New Delhi, June 2: The Tatas are making fresh overtures to the Bangladesh government, led by Awami Leagues Sheikh Hasina, for investing in the countrys telecom and IT sectors.
Four years ago, the group had pulled out of a Rs 10,000-crore proposal to build a steel mill, a fertiliser factory and a power plant. Khaleda Zia of the Bangladesh Nationalist Party was the Prime Minister then.
The Tatas have held talks with Summit Communications of Bangladesh, which has the licence to set up telecom infrastructure there.
Summit Communications managing director Arif Ali Islam said, We held exploratory talks. I cannot reveal the nature of the talks because of confidentiality clauses.
Summit Communications has the licence to build a telecom transmission, or an optic fibre network, across the country, linking all sub-district towns. The network, which will be used by all operators as well as by the government, has to come up within 10 years. The network could involve investments of over Rs 1,000 crore, analysts said.
Sources in the Bangladesh government said Tata Communications and Tata Consultancy Services had shown interest in the countrys booming IT industry because of low labour rates. No official comments could be obtained.
The software industry in Bangladesh, valued at $3.5 billion, is still small but is growing at a 35 per cent rate annually. Sources in the Tata group confirmed that the company had shown interest in the emerging market and had also sent a team to meet Bangladeshs telecom regulators.
According to sources, the recently elected Awami League government would welcome the Tatas and want them to expand their investment to other sectors such as automobiles, where they could build a plant to assemble knocked-down cars and trucks. Tata Motors, sources said, is studying the possibility of an assembly unit in Bangladesh as well as sourcing auto parts from there.
However, we, too, will go by the earlier governments ruling that we cannot make gas available at cheap rates to any foreign company, government officials said. The Tatas had demanded cheap gas for its mega steel project. The then Bangladesh government did not agree as it felt the move would reduce the availability for domestic industry and household users.
In 2006, the Tatas said they were suspending work on the $3-billion project because of delays on the part of the government. This was considered to be the single biggest investment in that country.
Bangladesh has found it hard to attract foreign direct investment, which totalled $6 billion since 1971, the year of its independence.
The country had earlier offered Indian investors special economic zones along its border, revamped railway links and the use of Chittagong and Mongla ports.
Indian companies made overseas investments worth around $16 billion in 2008-09 and $18.74 billion the year before. Acquisitions of European steel company Corus and car maker Jaguar Land Rover are among the recent high-profile investments abroad.
Though India is Bangladeshs largest trading partner, its investments in the neighbouring country has been negligible.

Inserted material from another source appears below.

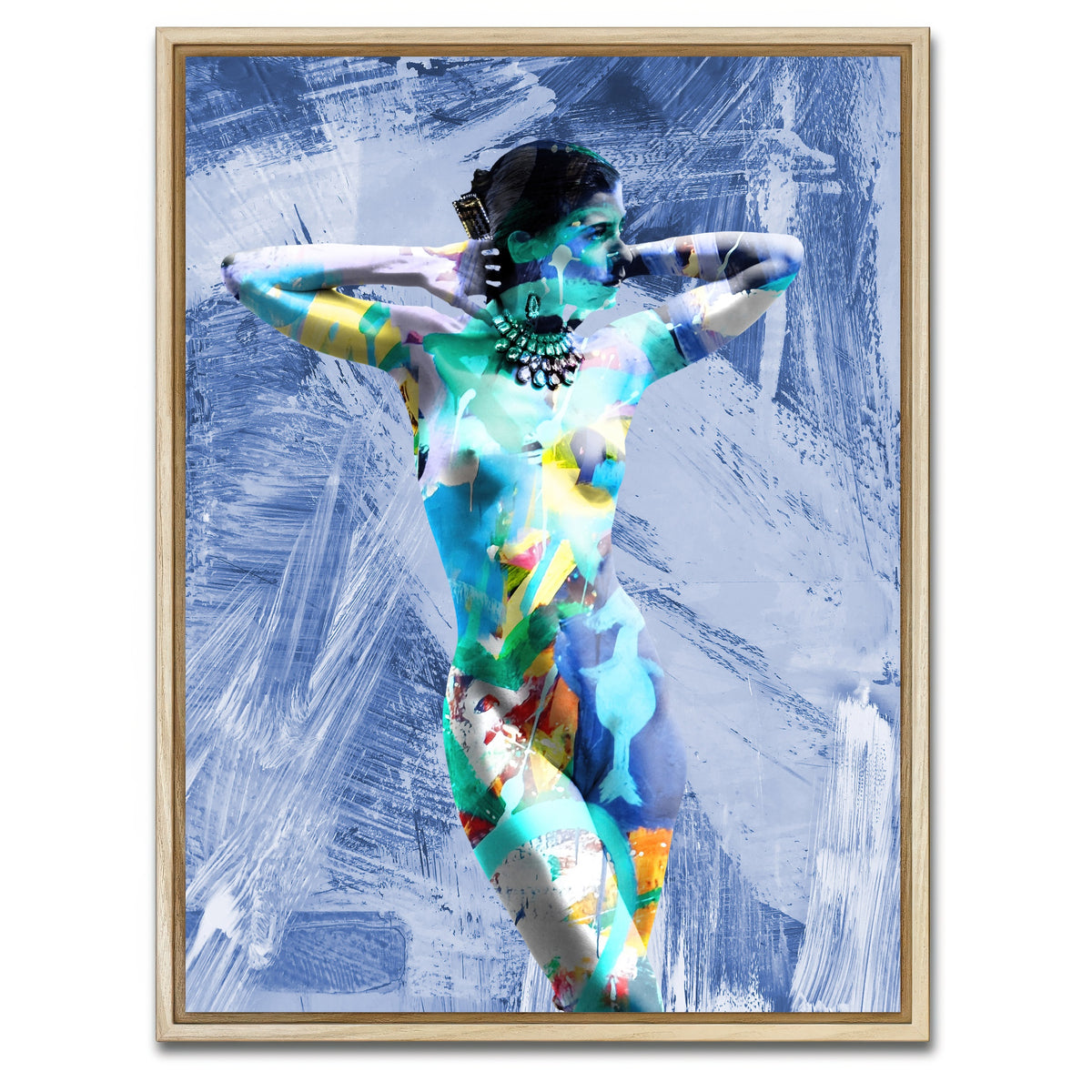 AUTO-MOCKUP WHITE | birth of venus | 1 Piece | Natural Framed Canvas | group=3x4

Analysts see investments in textiles, consumer goods, power plants and infrastructure as a possible way to offset the huge trade gap between the two nations. Uttara, Mongla, Narsinghdi in Khulna, Saidpur and Rangpur are enclaves where Indian investment could be localised.
India exports goods worth about $3 billion to its eastern neighbour, while Bangladesh exports just about a tenth of that to India.
This has always been a sore point in the economic relations between the two nations, with Bangladesh demanding better access to Indian markets for its tea, textiles and food products.